Adormeceu no sofá, enquanto assistia Casablanca pela milionésima vez.

***

“COMO É QUE É?” Alysia quase gritou, enquanto levantava e derrubava a cadeira na sala de seu chefe.

“Você não ouviu errado, Alysia. A partir de agora, você está de férias”.

Ela não podia acreditar no que estava ouvindo.

“Como assim, férias? Não marquei nem fui avisada de nada!”.

“Ordens superiores”, seu chefe prosseguiu. “Sabemos que você ainda anda fuçando no caso daquele tira, o Butch. Estou concordando com isso porque você é um dos meus melhores detetives, e não posso me dar ao luxo de perder mais alguém”.

A essa altura, Alysia andava de um lado para o outro, sentindo-se encurralada. Injustiçada.

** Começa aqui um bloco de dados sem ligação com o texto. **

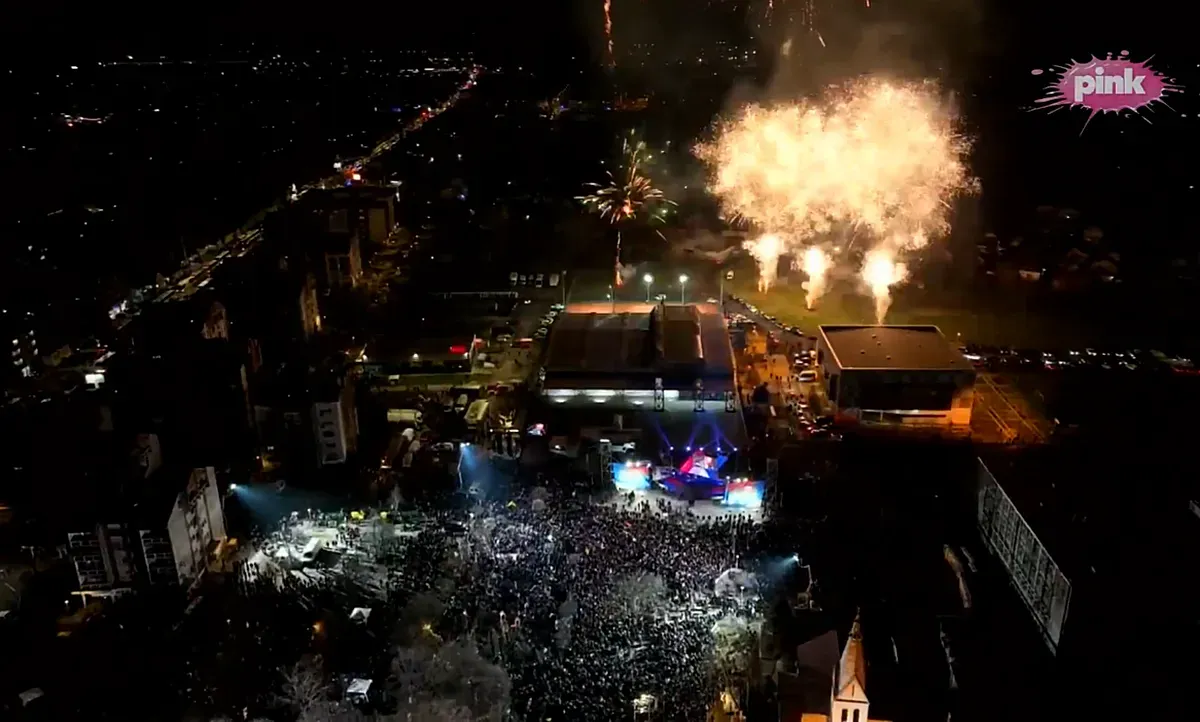 Külföldről importált demonstrálókkal fogadtatta el Vučić a Vajdasági Deklarációt 6 A Vajdasági Deklaráció elfogadását követő tűzijáték legalább tizenöt percig tartott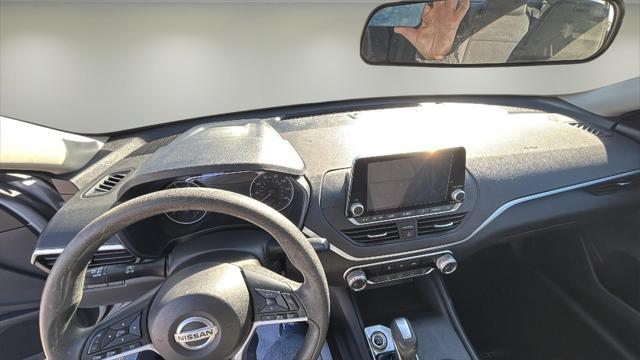 2022 nissan altima 2.5 sv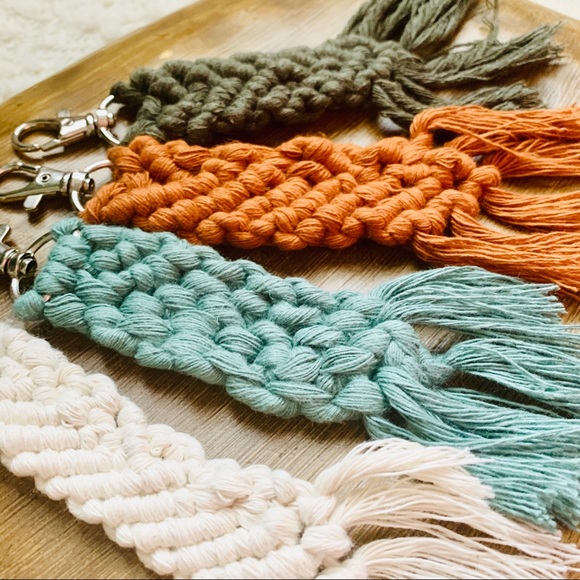 >>Macramé Keychain<< - Picture 3 of 6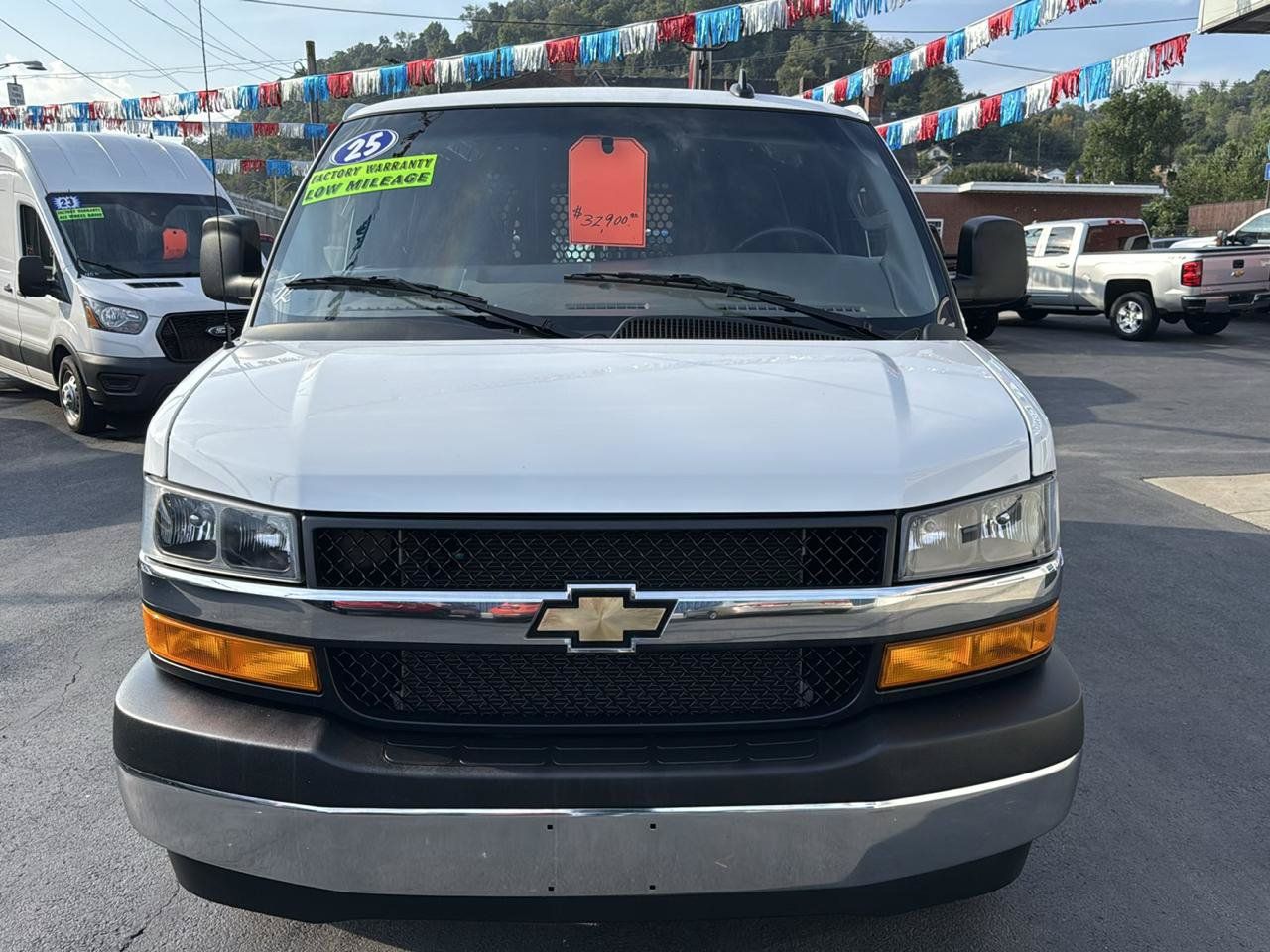 Used 2025 Chevrolet Express 2500 w/ Driver Convenience Package RWD image 24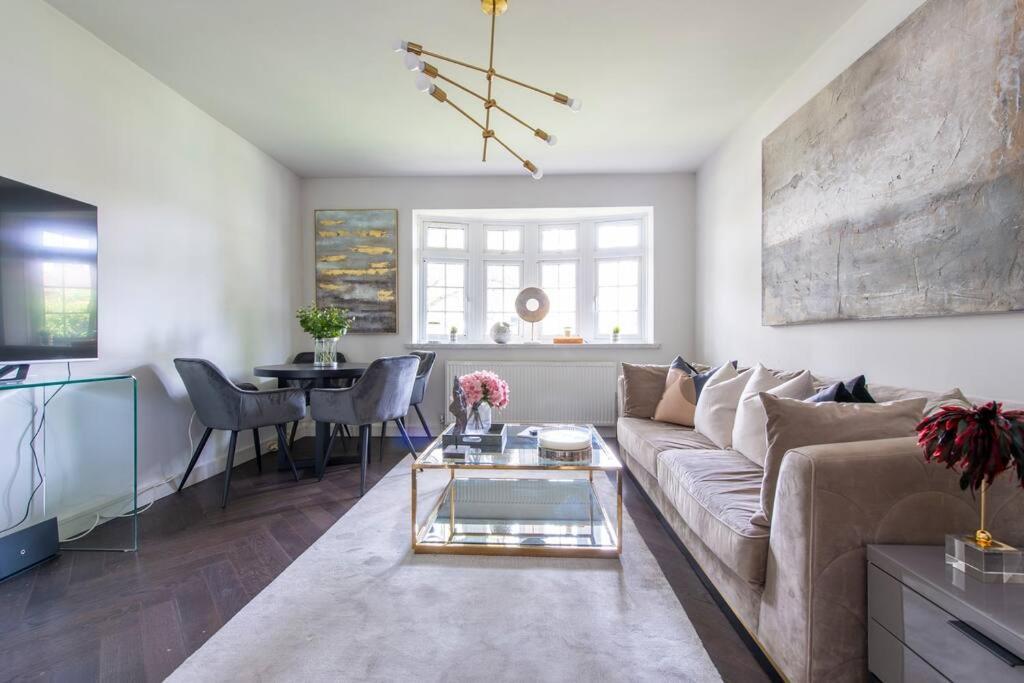 2 Bedroom Modern Urban Sanctuary 1Cc - Cherrydeal لندن المظهر الخارجي الصورة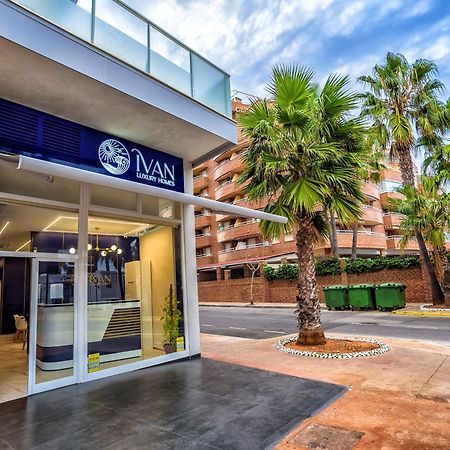 Casa Hugo Ivan Luxury Homes 8ª Norte 1ª Linea オロペサ・デル・マール エクステリア 写真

“Chefe, você sabe que isso não é certo”.

“Não é certo você continuar com essa investigação paralela que está prejudicando a sua produtividade e não vai levá-la a lugar algum. O caso já foi encerrado, e você sabe disso. Essas férias irão lhe fazer bem. Vá viajar, areje a cabeça”.

“Mas chefe...”.

Supere isso, Alysia. Será melhor para nós dois. Não encare isso como uma punição. Eu a quero bem e a admiro. Quero você de volta ao time com todo o seu foco. É minha última palavra”.

A policial agarrou a bolsa e saiu da sala, furiosa. Pisava duro pelo corredor, mal reparando nos olhares que os outros detetives lhe dirigiam de suas mesas, e quase atropelou Jose no caminho.

“Uau... calma aí, detetive”.

Alysia olhou furiosa para ele.

“A culpa é sua, Jose! SUA! Obrigada por nada, ouviu?”.

Virou as costas e saiu intempestivamente, deixando Jose com um olhar estarrecido.

Ia perguntar-se o que dera naquela mulher. Mas a pergunta era desnecessária: ele já sabia.